How to manage crypto wallets
Knowledge of how to manage crypto wallets is necessary for effective management of cryptocurrency assets. A crypto wallet is the equivalent of bank vaults, where your funds are securely stored and access to them is possible only with your consent.
In this blog article, we will look at six best practices that will help you successfully manage multiple crypto wallets and ensure the security of your organization’s crypto assets.
Always hold most assets in self-custody
Independent storage is necessary to maintain control over your crypto assets. By depositing funds to the wallets of centralized exchanges, you give them full access to your private key and funds. This exposes your organization to counterparty risk, such as withdrawal restrictions, freezing of funds and possible hacks.
Such events can adversely affect the cash flows of your organization. In the worst case, they may even affect the balance if the funds become non-refundable or if the costs of returning them through court proceedings turn out to be unprofitable.

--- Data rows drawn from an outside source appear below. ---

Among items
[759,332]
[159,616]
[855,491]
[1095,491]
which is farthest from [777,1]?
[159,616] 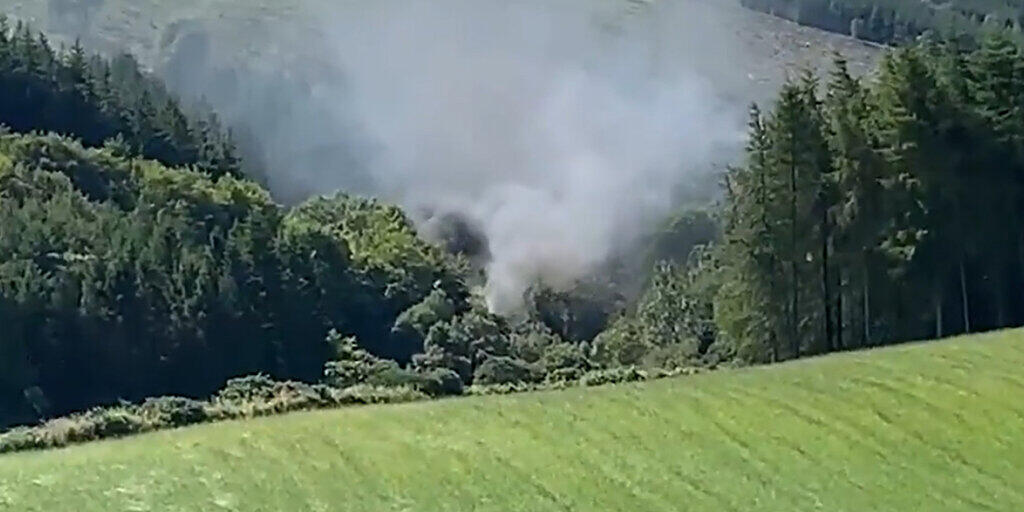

Whenever a centralized exchange (CEX) or a centralized financial (CeFi) lending platform encounters financial difficulties, it has a ripple effect that affects not only them, but also all fund managers, companies and employees whose crypto assets are stored in their custodial wallets.
In contrast, despite a series of crashes observed on CeFi platforms in 2022, including Celsius, Hodlnaut, FTX and DCG, virtually none of the more than 2,300 teams using Request Finance to manage more than a quarter of a billion dollars in crypto payments were significantly affected.
This is due to the fact that using decentralized applications (gapps), such as Request Finance, requires you to use your own wallet. This means that withdrawals can never be suspended or funds frozen – never.
Remember: deposits are obligations to depositors. The balance on your deposit account with any organization or platform reflects only outstanding debts to you, and not money that you control or assets held in reserve. Debts are promises to repay a debt. Promises are easily broken.
Use different crypto wallets for different purposes
Creating multiple wallet addresses associated with the same initial phrase and private key is akin to creating multiple bank accounts with the same login details. But this is not an ideal option, especially from the point of view of resistance to hacking and the implementation of access control.
For greater clarity, it is recommended to divide the company’s assets into several crypto wallets with different initial phrases. Combining everything into one wallet can make it difficult to monitor your organization’s crypto finances.
Instead, consider introducing at least three crypto wallets: one to receive payments, another to pay expenses, and the third wallet acts as a savings account.
Maintaining different wallets for different purposes provides clarity in tracking your organization’s cryptocurrency finances. It will also allow you to implement proper financial controls and simplify financial reporting for tax and audit purposes.
Security remains a top priority, given that billions of dollars in cryptocurrency have been lost as a result of hacking in recent years due to insecure management of cryptocurrency wallets. In 2018 alone, hackers stole private keys controlling over a billion dollars’ worth of cryptocurrencies from hot wallets.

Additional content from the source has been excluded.